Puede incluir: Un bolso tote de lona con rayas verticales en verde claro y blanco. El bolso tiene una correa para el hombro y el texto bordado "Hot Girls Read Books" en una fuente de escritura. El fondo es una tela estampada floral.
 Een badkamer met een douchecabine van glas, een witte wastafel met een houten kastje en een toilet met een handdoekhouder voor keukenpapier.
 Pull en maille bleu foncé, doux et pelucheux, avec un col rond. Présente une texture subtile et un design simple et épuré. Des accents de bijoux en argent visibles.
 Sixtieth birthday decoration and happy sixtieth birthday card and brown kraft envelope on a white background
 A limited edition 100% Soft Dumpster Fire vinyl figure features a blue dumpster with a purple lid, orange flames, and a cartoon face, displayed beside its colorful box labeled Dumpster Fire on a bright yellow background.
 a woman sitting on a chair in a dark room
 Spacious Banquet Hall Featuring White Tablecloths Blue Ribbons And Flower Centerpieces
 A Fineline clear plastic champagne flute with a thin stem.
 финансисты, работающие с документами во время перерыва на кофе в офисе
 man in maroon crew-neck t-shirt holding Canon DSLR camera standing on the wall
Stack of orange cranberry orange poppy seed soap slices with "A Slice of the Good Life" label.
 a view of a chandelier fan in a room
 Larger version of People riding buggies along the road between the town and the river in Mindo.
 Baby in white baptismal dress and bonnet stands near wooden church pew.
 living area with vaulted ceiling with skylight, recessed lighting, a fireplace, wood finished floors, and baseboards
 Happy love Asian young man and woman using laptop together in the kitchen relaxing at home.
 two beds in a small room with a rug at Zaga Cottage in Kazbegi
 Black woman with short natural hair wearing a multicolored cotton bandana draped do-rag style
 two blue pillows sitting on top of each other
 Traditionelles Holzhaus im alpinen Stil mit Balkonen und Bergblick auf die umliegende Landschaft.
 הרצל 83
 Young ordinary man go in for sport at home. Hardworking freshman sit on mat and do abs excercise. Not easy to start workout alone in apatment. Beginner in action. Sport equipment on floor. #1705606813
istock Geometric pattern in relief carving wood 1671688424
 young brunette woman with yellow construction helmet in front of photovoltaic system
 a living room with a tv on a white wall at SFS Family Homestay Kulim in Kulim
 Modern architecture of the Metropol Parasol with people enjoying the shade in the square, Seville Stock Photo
· · ·
- ACTIVITY -
Reproduce the lines above, beginning at the line with "Sixtieth birthday decoration" and stopping after the line with "a woman sitting on a chair in a dark room", exactly as they are.

- SOLUTION TO THE EXERCISE -
 Sixtieth birthday decoration and happy sixtieth birthday card and brown kraft envelope on a white background
 A limited edition 100% Soft Dumpster Fire vinyl figure features a blue dumpster with a purple lid, orange flames, and a cartoon face, displayed beside its colorful box labeled Dumpster Fire on a bright yellow background.
 a woman sitting on a chair in a dark room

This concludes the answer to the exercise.